Kuwait has warned that the economic blockade of Gulf Arab producers due to the closure of the Strait of Hormuz could be catastrophic and will trigger a domino effect across the world.
“We are outraged by this attack against us,” Sheikh Nawaf al-Sabah, the CEO of the Kuwait Petroleum Corp., told the oil industry at S&P Global’s CERAWeek energy conference.
“This is an attack not only against the Gulf, but it is an attack that is holding the world’s economy hostage.”
This comes as Kuwait Petroleum Corp (KPC) has reduced its crude oil production due to disruptions to shipping in the Strait.
According to al-Sabah, KPC will only produce oil for domestic consumption right now.
The company said production could be resumed “relatively quickly” if the war in Iran ends and reaches full production within three to four months.
On 10 March, Kuwait reduced output to around 500,000 barrels per day, a significant decrease from the more than 3 million barrels per day before the outbreak of the U.S.-Iran war on 28 February.
This follows Saudi Aramco CEO Amin Nasser's warning that the Iran war could have “catastrophic consequences” for the world economy.
Al-Sabah said Nasser understated the potential impact.

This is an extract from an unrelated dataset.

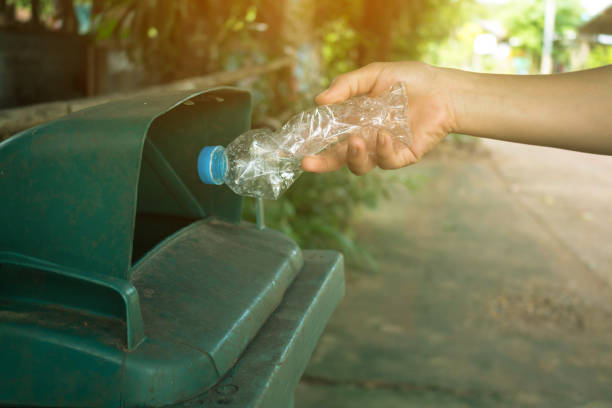 istock Women volunteer help garbage collection charity environment. 831533424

“It’s a domino effect,” al-Sabah said.
“The costs of this war don’t stay within geographical lines in this region. They extend all the way through the supply chain.”

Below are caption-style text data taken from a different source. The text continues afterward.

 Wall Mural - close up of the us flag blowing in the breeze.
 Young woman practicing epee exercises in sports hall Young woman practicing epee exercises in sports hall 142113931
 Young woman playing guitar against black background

Earlier this month, the International Energy Agency (IEA) released 400 million barrels of oil to help offset disruptions created by the war.
However, al-Sabah said this will do little to address the supply shortfall as “there is no substitute for the Strait”.

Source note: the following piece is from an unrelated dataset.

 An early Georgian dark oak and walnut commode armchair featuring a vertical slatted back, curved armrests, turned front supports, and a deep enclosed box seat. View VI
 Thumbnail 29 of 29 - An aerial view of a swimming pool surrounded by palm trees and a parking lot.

The 3 million barrels per day of emergency stocks do not compensate for the curtailments in Iraq, let alone those of Saudi Arabia and the United Arab Emirates, he said.
Al-Sabah also said the war extends far beyond oil and gas, as petrochemicals that produce plastics for food packaging could also be a shortfall. He said this would make it difficult to transport food around the world.
Fertiliser from the Gulf also cannot reach global markets just as planting season is set to begin in many parts of the world, al-Sabah said. Some countries in the developing world could see a 50% reduction in their harvest compared with prior years, he said.
Traffic through the strait, where around 20% of the world’s oil supply passes through, has reduced significantly as Iran launches a barrage of missile and drone attacks against Gulf Arab countries.
Since the start of the war, oil prices have surged more than 30%.
Over the weekend, U.S. President Donald Trump threatened to bomb Iran’s power plants if it didn’t allow traffic to travel through the strait.
However, on Monday, Trump postponed those strikes for five days after having what he called “productive” conversations with Iran. Following this, oil prices plunged 11% on Monday as Trump’s sudden change of course raised hopes that the war could be resolved through negotiations.